Mais ce n'était pas là le seul plaisir de Paris. Bien avant que l'on y connût la T. S. F. et le cinéma parlant - il n'y avait à ce moment que de rudimentaires projections animées, de courtes bandes dont l'intérêt laissait à désirer, - on goûtait les joies familières du café-concert. Le café-concert était alors le divertissement en vogue, un spectacle éminemment parisien. Un vieux refrain de
Mayol : "
Viens, Poupoule !", proclame :
Le sam'di soir, après l'turbin
l'ouvrier parisien
dit à sa femm' : comme dessert
j'te paie l'café-concert...
Il ne faut point en inférer que le café-concert n'était qu'un lieu cher aux ouvriers endimanchés ; il accueillait aussi les classes les plus diverses ; on y voyait même des gens du monde ! En réalité, il y avait plusieurs sortes de café-concert : les boui-bouis populeux qui ne comportaient qu'une maigre estrade et un piano poitrinaire, dont le clavier, veuf parfois de quelques-unes de ses touches, rendait des sons aigrelets et métalliques ; les cafés-chantants bourgeois, les cafés-concerts huppés, chics, pourvus d'une large scène plantée de beaux décors, animés par un orchestre sonore conduit par Patusset ou Pierre Letorey.
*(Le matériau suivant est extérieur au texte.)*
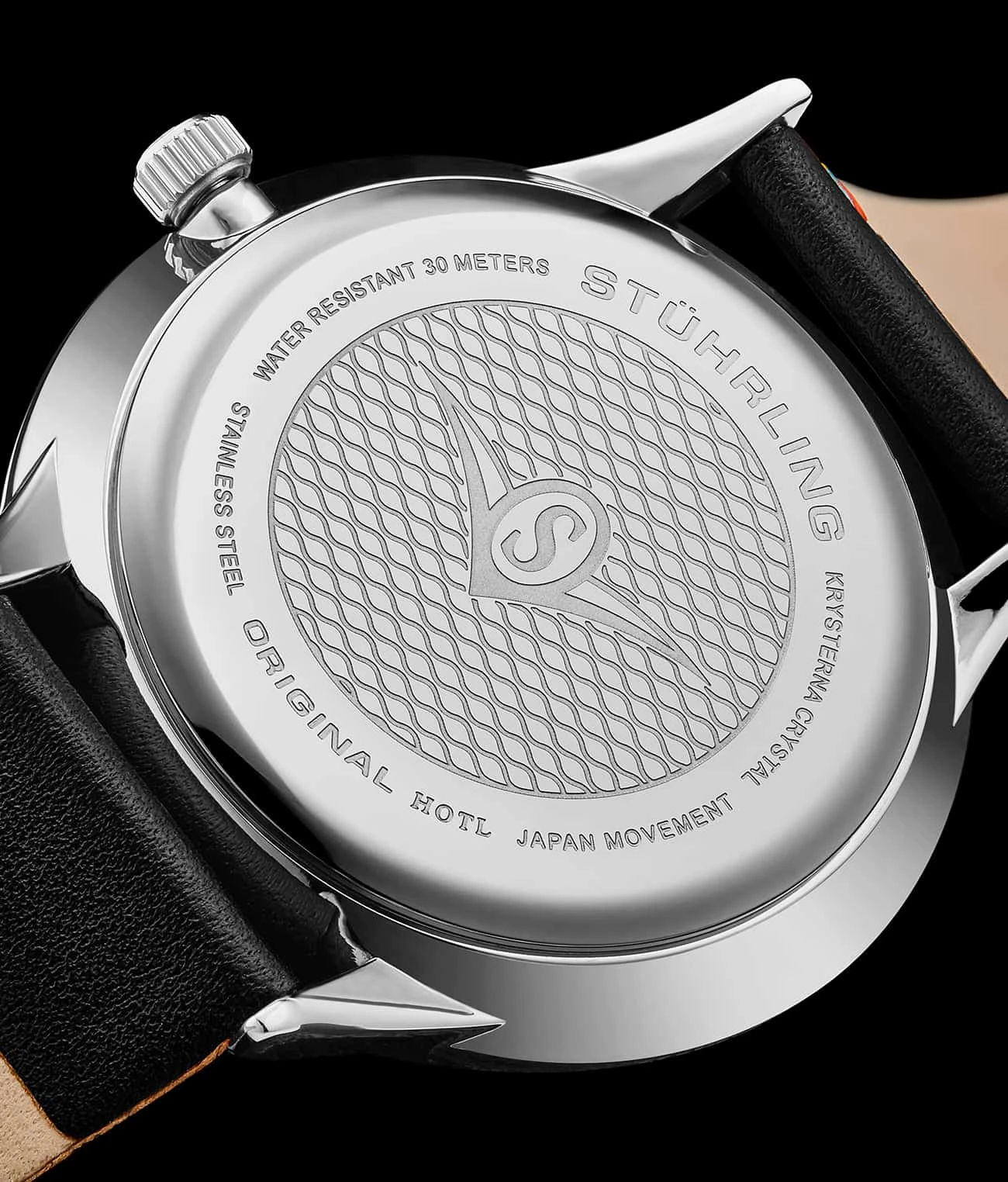 Romania Japanese Quartz 42mm 4026 Classic(Romania Quartz 42mm Classic) 15 Romania Japanese Quartz 42mm 4026 Classic(Romania Quartz 42mm Classic) - Image 15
Pour se faire une idée à peu près exacte de l'importance et du nombre de ces établissements, de 189o à 1900, il suffit de parcourir un exemplaire du Théâtre humoristique, sorte de manuel-annuaire qui mentionne, pour Paris, 93 principaux cafés-concerts et cabarets artistiques. En province, il cite une centaine d'établissements notoires, et le Figaro illustré constatait en 1896, rien que pour Paris, 274 cafés-concerts où l'on chantait annuellement 12 oo0 ou 15 000 chansonnettes nouvelles.
Entrons dans un grand café-concert des Champs-Elysées, à la belle époque. Le soir, tout est comble : stalles du stand et loges sous la verdure. On croise des hommes en frac, le macfarlane ouvert sur la cravate blanche et le plastron, des personnages graves à physionomies officielles qui venaient passer là une heure, entre un dîner au ministère et une apparition à l'Elysée.
Aux mêmes places, et les coudoyant, des boutiquiers, des commerçants, quelques "calicots", des petites ouvrières, des domestiques de grande maison.... A vrai dire, d'aucuns se rendaient au café-concert (surtout aux
Ambassadeurs), moins pour y entendre de bonnes chansons et de bons artistes - il y en avait pourtant et des uns et des autres - que pour se livrer aux excès d'une joie bruyante et pour organiser un chahut infernal qui couvrait parfois la voix du chanteur le moins démontable.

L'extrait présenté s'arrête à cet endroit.